I'm wondering if there is any relationship among these 3 measures. I can't seem to make a connection among them by referring to the definitions (possibly because I am new to these definitions and am having a bit of a rough time grasping them).

I know the range of the cosine similarity can be from 0 – 1, and that the pearson correlation can range from -1 to 1, and I'm not sure on the range of the z-score.

I don't know, however, how a certain value of cosine similarity could tell you anything about the pearson correlation or the z-score, and vice versa?

Best Answer

The cosine similarity between two vectors $a$ and $b$ is just the angle between them $$\cos\theta = \frac{a\cdot b}{\lVert{a}\rVert \, \lVert{b}\rVert}$$ In many applications that use cosine similarity, the vectors are non-negative (e.g. a term frequency vector for a document), and in this case the cosine similarity will also be non-negative.

For a vector $x$ the "$z$-score" vector would typically be defined as $$z=\frac{x-\bar{x}}{s_x}$$ where $\bar{x}=\frac{1}{n}\sum_ix_i$ and $s_x^2=\overline{(x-\bar{x})^2}$ are the mean and standard deviation of $x$. So $z$ has mean 0 and standard deviation 1, i.e. $z_x$ is the standardized version of $x$.

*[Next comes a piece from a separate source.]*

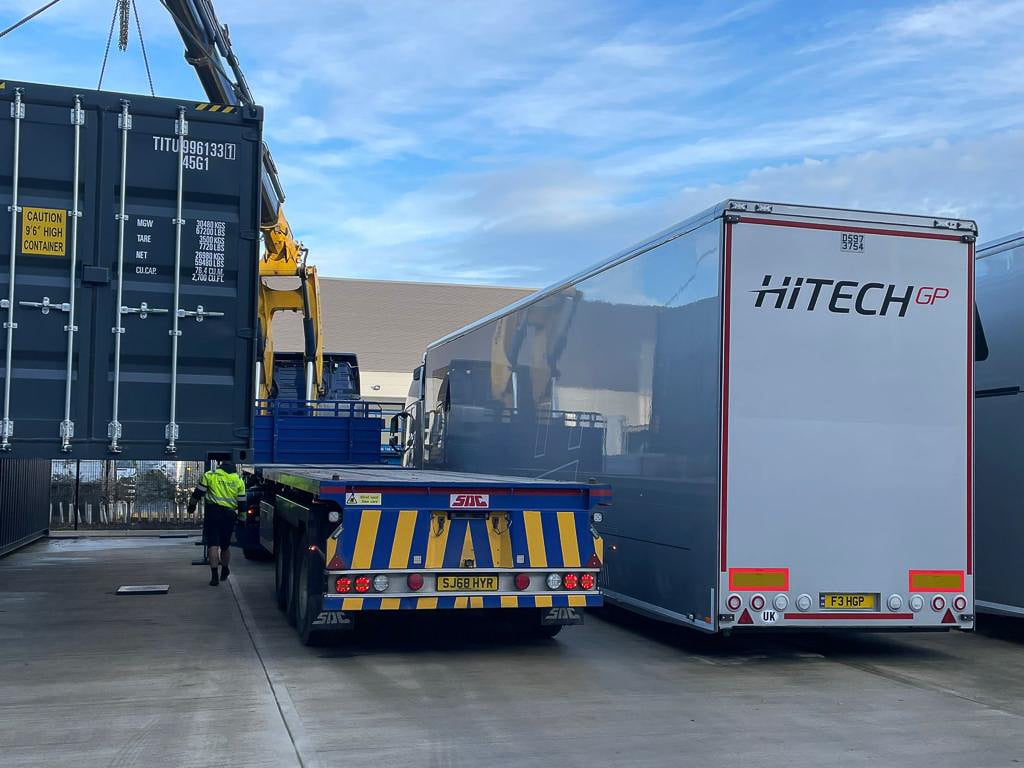 HITECH Racing bespoke ISO Container-05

For two vectors $x$ and $y$, their correlation coefficient would be $$\rho_{x,y}=\overline{(z_xz_y)}$$

Now if the vector $a$ has zero mean, then its variance will be $s_a^2=\frac{1}{n}\lVert{a}\rVert^2$, so its unit vector and z-score will be related by $$\hat{a}=\frac{a}{\lVert{a}\rVert}=\frac{z_a}{\sqrt n}$$

So if the vectors $a$ and $b$ are centered (i.e. have zero means), then their cosine similarity will be the same as their correlation coefficient.

TL;DR Cosine similarity is a dot product of unit vectors. Pearson correlation is cosine similarity between centered vectors. The "Z-score transform" of a vector is the centered vector scaled to a norm of $\sqrt n$.